The Bengal And Savannah Are Very Different Cats!
Many people attending a cat show might be confused by the difference between Bengals and Savannahs. After all, they are quite similar to the untrained eye. However, nothing could be further than the truth. Bengals and Savannahs are completely different lineages each originating from a very unique wild cat.
The Savannah has been developed by a handful of breeders and they are struggling to keep up with the demand. Unlike the Bengal which is descended from the small Asian Leopard Cat, Savannahs are derived from the African Serval Cat (ASC) which in some cases can be the size of a Golden Retriever, stretching to 56 inches from nose to tail! The name Serval is derived from the Portuguese for Wolf-Deer and that pretty well sums up the ferocity and size of this wild cat. They prefer to live in East African Savannahs, thus the name of their domestic-cross offspring breed.
Some Bengals were used in the crosses with the ASC to derive the current breed, along with Egyptian Maus, Oriental Shorthairs and other domestic cats.
After many years of trying to mate a huge ASC with a teeny weeny domestic kitty (ouch!), Pennsylvania breeder Judy Frank finally succeeded in the mid '80s. The current "state of the art" in Savannahs produces a cat about half the size of the ASC ancestor and weighing in at a (huge by Bengal standards) maximum of 30 pounds.
If you thought that Bengal breeding was a difficult task, you might not even want to consider Savannahs. Up to F3s and some F4s the males are sterile.

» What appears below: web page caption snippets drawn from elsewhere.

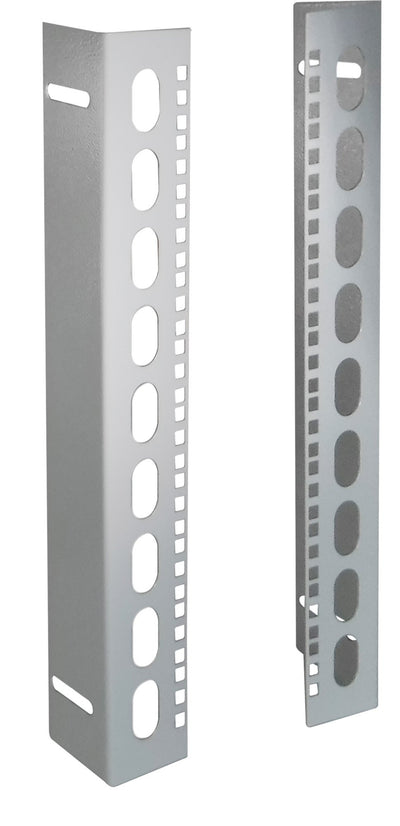 Coppia Montanti Aggiuntivi 17U armadi IP65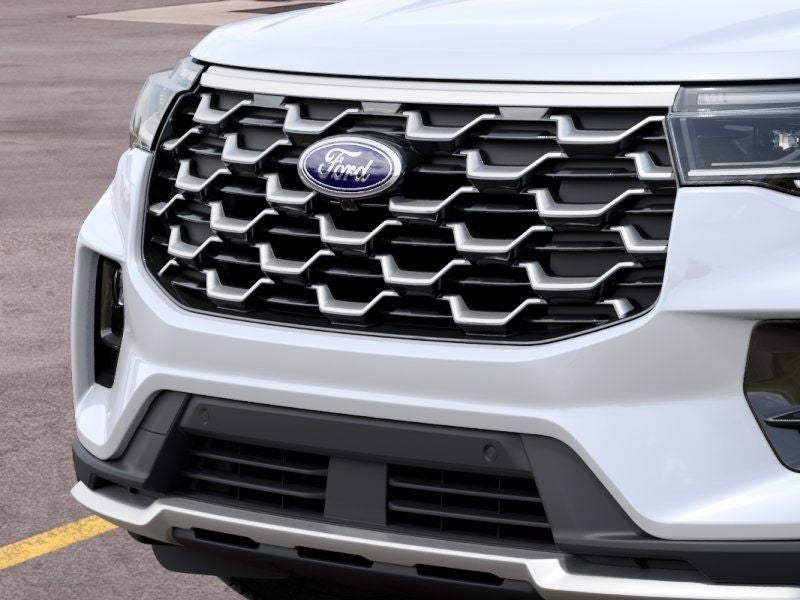 2027 Ford Explorer Platinum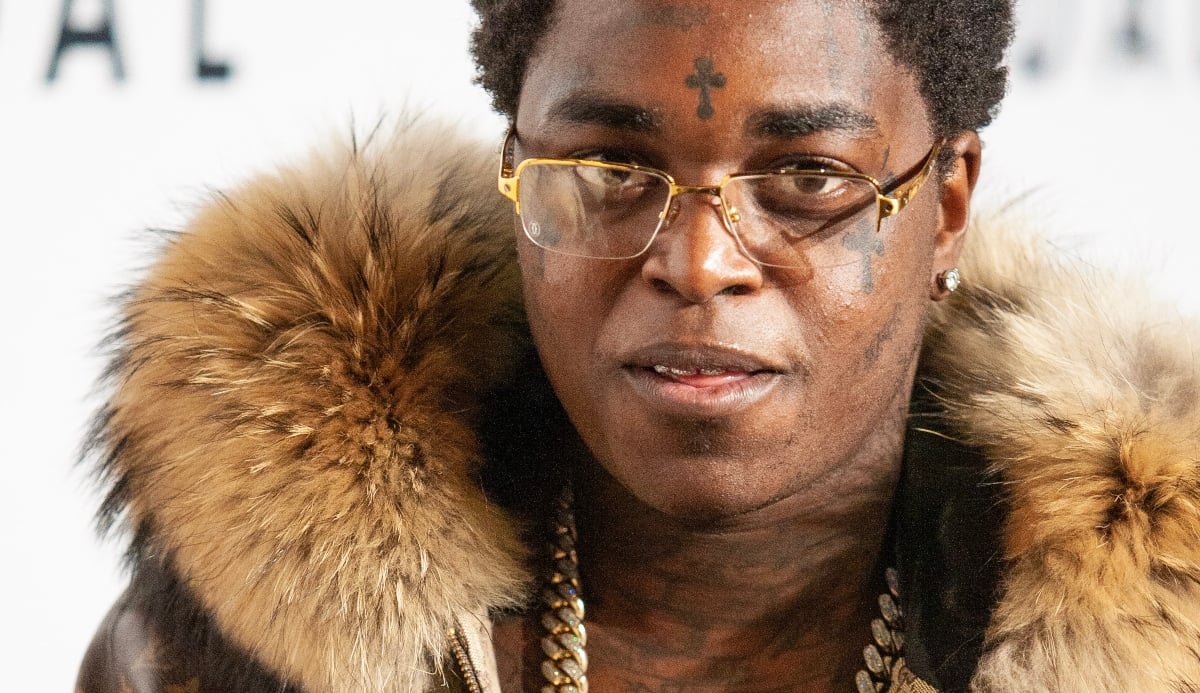 Rapero Kodak Black se ve envuelto en tiroteo fuera de club nocturno
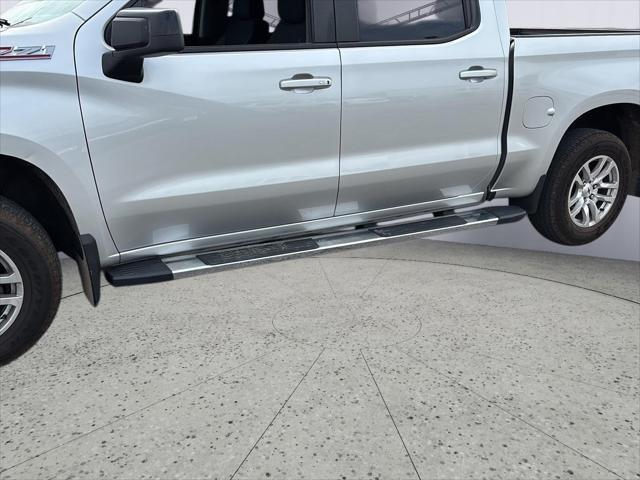 used 2022 Chevrolet Silverado 1500 car, priced at $35,900
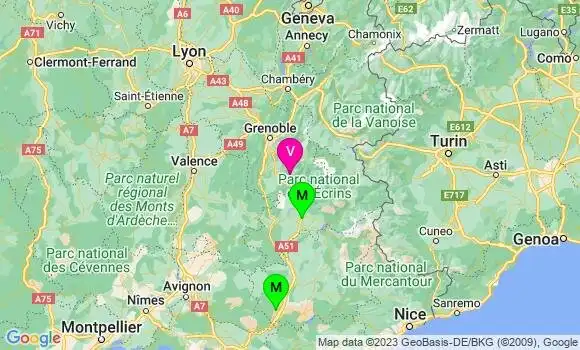 Médecin de Garde Entraigues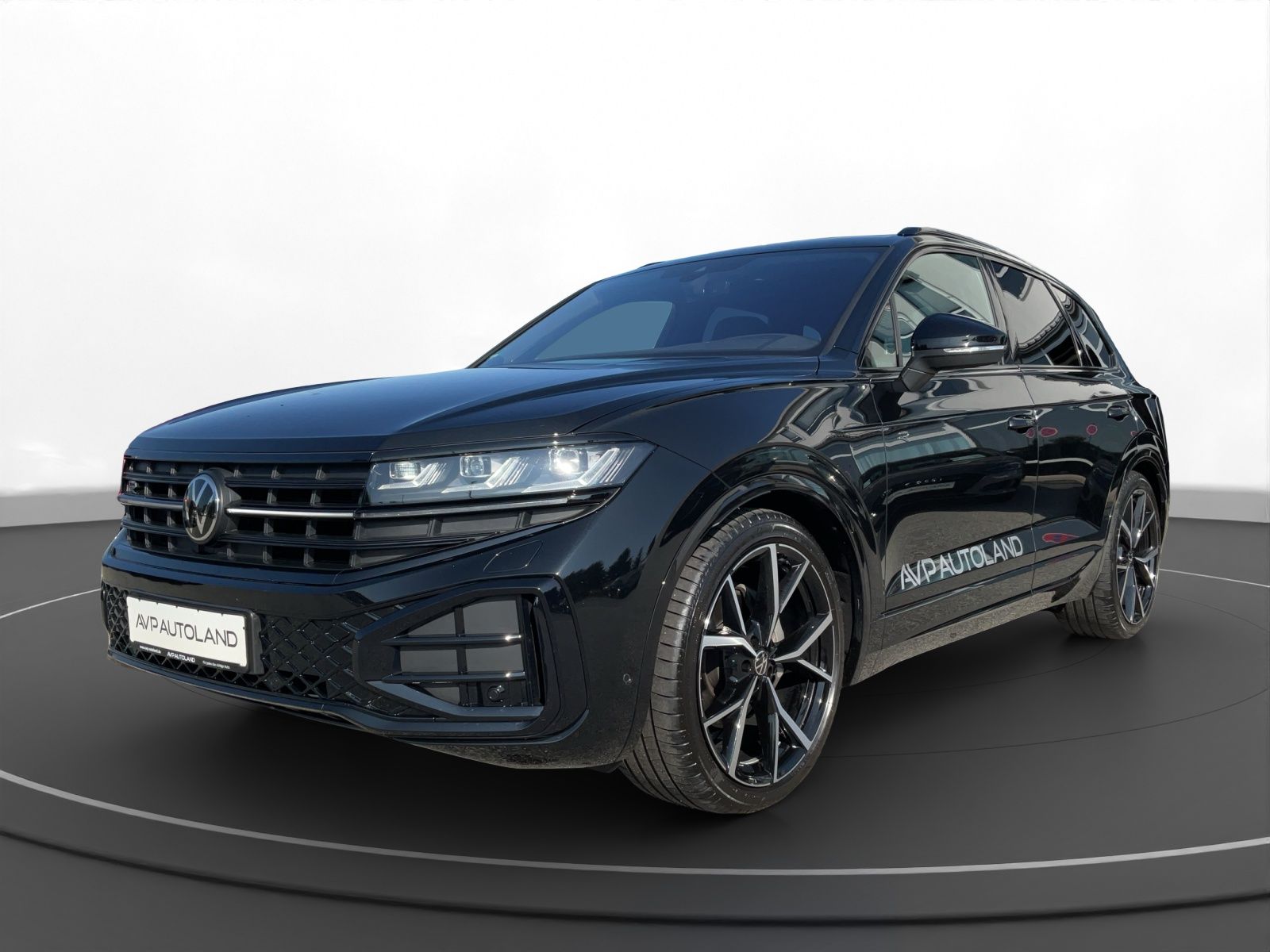 Volkswagen Touareg 3.0 TDI 4MOTION R-Line foto 2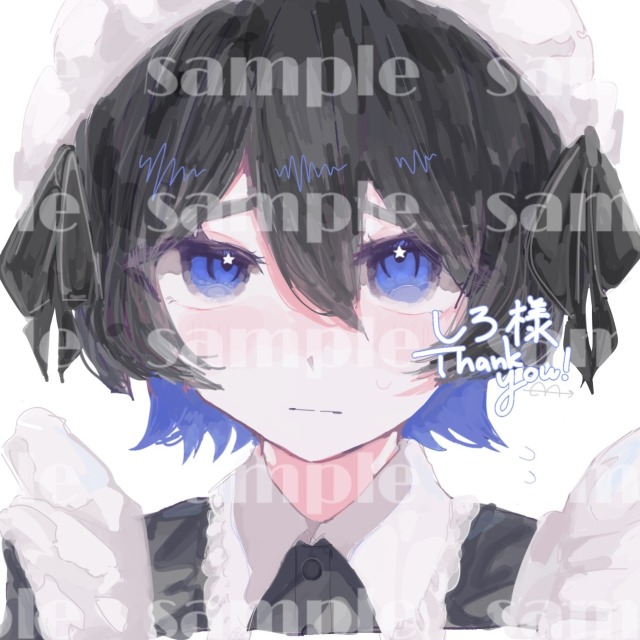 アイコンご依頼#4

F5 is the legitimate limit of Savannah to Savannah breeding, thus current breeders have little choice but to continue maintaining their ASC studs.
F1 is always the offspring of breeding a Serval and a domestic cat.
F2 is the offspring of an F1 Savannah cat bred to a suitable male domestic cat.
F3 is the offspring of an F2 Savannah cat with a suitable male domestic cat.
F4 is the offspring of an F3 Savannah parent.
F5 is the offspring of an F4 Savannah parent.
Savannahs are very Bengal-like in their personalities and have all of the domestic qualities of other household cats. They'll eat just about anything a regular cat will and can be litterbox trained. The Savannah is a graceful, athletic and powerfully-built kitty with Bengal-like spotted coats. Some Savannahs are striped which is a no-no in the Bengal world, but accepted and welcomed among their breed. Also similar to Bengals, Savannahs are chatter-boxes and they will constantly engage you in very specific feline conversations.
One of the most striking markings on the Savannah can be found around their eyes, where they have a unique and very wild-looking "tear-drop" mascara. The Savannah is also bred for large, directional ears at a time when Bengal breeders (for some unknown reason) are trying to make their cats' ears disappear outright! The big ears highlight the triangulation of the face that can be quite breath-taking when seen straight-on. Savannahs come in all sorts of colors from black or black smoke to brown spotted or silver spotted tabby.
The TICA standard calls for:
Torso: Long and almost oriental but more massive. When viewed from the side the chest and flank form a long triangle. When viewed from the front the cat appears narrow due to the extreme length of legs, depth of body and length of neck.
Legs: Strong and slender, yet sturdy. The feet are small with long toes.
Tail: Sturdy, thick and three-quarters the length of the average cat's tail. When the cat is at attention it should be, at times, curled up and back slightly over the rump.
These standards make for a very attractive and distinctive cat, but always keep in mind that no matter how beautiful a Savannah can be, they'll never have the unique Bengal Magic Glitter!